# RAAF Kittyhawks



## Heinz (Feb 23, 2008)

Interesting picture I found of 5 Kittyhawks from 76 squadron.

Intersting it appears the squadron code of SV is hand painted pretty roughly but what has caught my eye is the Kittyhawk in the top right with lightening bolt across the tail. That I've not seen before on an RAAF fighter. 

The planes certainly show the operating conditions they were dealing with.


----------



## Wurger (Feb 23, 2008)

A cool pic my friend, really.I have never seen the lightening on the RAAF a/c tails as well.It looks very interesting. The magnification for you.

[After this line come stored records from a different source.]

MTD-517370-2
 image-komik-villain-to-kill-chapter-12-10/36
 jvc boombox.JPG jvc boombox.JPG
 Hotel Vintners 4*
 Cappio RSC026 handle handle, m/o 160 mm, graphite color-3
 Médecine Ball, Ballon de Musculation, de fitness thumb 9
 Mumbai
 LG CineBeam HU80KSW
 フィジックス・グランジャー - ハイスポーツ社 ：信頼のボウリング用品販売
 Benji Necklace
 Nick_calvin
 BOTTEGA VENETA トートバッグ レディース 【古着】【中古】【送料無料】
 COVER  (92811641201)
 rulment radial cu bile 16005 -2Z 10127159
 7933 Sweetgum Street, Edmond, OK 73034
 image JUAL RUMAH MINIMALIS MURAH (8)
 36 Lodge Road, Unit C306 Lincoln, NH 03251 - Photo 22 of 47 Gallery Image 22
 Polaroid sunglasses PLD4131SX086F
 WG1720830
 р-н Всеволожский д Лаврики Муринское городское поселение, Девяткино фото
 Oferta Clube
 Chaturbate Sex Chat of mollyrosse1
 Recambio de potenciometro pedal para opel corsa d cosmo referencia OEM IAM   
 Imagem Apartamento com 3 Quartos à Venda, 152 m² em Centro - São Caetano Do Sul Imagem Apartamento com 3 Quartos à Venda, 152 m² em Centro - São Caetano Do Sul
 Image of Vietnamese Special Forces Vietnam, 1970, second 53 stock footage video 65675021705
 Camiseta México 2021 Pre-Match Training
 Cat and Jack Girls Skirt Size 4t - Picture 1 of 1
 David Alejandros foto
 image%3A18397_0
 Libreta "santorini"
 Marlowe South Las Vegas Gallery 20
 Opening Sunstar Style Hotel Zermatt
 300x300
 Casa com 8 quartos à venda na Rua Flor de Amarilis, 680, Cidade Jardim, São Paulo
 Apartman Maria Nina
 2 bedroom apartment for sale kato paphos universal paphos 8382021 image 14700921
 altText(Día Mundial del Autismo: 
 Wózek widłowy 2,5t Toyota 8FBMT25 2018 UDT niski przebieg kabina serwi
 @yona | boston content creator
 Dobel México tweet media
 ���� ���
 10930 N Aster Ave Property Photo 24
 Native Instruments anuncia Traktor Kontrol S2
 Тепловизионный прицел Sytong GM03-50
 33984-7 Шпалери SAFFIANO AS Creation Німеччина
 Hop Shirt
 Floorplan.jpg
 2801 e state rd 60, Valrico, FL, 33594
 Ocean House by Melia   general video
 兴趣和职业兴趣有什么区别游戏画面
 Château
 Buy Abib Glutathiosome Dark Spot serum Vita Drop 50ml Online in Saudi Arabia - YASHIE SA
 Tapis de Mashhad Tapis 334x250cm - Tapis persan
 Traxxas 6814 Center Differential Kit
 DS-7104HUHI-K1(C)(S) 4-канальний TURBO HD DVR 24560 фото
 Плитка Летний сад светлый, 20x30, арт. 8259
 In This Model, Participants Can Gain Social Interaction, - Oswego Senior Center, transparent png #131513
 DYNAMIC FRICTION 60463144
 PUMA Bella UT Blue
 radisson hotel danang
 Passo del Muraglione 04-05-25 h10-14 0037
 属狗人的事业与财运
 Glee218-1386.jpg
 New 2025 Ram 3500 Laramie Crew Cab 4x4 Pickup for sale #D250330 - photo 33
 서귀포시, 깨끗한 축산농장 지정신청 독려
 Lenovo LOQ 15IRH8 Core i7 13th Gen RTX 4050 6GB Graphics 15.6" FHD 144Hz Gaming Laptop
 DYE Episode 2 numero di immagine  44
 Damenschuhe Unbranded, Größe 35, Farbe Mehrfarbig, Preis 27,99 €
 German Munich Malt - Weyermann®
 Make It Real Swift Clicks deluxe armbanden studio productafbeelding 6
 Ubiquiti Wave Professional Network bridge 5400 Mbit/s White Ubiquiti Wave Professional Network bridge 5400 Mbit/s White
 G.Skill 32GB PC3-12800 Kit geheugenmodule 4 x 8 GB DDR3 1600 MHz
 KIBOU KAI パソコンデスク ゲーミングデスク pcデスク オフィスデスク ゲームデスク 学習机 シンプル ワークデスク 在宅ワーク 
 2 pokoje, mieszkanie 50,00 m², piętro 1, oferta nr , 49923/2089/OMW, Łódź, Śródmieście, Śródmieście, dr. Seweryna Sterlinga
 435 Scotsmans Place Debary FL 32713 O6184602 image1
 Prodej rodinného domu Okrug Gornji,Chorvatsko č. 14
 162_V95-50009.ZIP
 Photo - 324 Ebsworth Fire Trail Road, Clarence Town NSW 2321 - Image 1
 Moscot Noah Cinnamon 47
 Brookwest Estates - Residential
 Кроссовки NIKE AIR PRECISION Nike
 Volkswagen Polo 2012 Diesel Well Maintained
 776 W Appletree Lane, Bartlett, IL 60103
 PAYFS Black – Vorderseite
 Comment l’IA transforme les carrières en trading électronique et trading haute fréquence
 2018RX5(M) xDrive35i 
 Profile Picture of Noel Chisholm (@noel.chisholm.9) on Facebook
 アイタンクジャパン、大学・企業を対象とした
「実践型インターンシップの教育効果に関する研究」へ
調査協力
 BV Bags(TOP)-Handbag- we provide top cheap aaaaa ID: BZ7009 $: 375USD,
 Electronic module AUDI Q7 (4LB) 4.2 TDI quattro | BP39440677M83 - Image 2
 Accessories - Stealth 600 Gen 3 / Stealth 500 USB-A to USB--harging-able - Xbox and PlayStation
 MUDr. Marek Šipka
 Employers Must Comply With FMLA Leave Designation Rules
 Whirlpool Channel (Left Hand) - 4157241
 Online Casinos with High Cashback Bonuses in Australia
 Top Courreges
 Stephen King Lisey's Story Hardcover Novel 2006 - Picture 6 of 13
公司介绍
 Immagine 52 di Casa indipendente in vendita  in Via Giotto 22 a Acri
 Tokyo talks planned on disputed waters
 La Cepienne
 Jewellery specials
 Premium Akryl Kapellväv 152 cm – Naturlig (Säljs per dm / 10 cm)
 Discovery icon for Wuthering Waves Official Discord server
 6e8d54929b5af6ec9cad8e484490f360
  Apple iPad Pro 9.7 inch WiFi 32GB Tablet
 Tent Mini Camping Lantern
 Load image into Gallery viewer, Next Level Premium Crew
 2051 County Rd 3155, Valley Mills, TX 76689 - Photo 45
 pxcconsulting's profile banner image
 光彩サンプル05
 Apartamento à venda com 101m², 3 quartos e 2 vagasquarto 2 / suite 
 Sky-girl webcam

BTW You have a nice new siggy.  
Could you send me the pic without your sign,please?


----------



## Micdrow (Feb 23, 2008)

Couple of pictures of P-40's with lightning bolt from the book Aircraft and Markings of the RAAF 1939-1945 Vol 2 by Geoffrey Pentland


----------



## Wurger (Feb 23, 2008)

Nice stuff Micdrow.THX for posting here.


----------



## ccheese (Feb 23, 2008)

Good info.... bet it would make a good model....

Charles


----------



## Micdrow (Feb 23, 2008)

Your welcome guys!!!!


----------



## Wildcat (Feb 23, 2008)

G'day fella's, here's another pic showing the lightning bolt used by 76 sqn.


----------



## Wurger (Feb 23, 2008)

G'day or Good very early morning...
Another good pic.THX Wildcat.
So it seems the lightning on fins was characteristic for 76 Sqn,doesn't it.


----------



## snafud1 (Feb 24, 2008)

Those are awesome! It amazes me to see new photos from that time show up now.


----------



## Heinz (Feb 24, 2008)

Thanks guys!
Great pictures Micdrow and Wildcat 

No worries Wurger I'll send it over to you shortly.


----------



## Wildcat (Feb 24, 2008)

On the subject of RAAF Kittyhawks, Dick Cresswells is one of my favourites.


----------



## Wildcat (Feb 24, 2008)

BTW Wurgs, here are some more shots from Heinz's sig of 84 sqn machines.


----------



## Wurger (Feb 24, 2008)

pics. Anything more about the model Wildcat?

THX Heinz for the pic.


----------



## Wurger (Feb 24, 2008)

Wildcat said:


> BTW Wurgs, here are some more shots from Heinz's sig of 84 sqn machines.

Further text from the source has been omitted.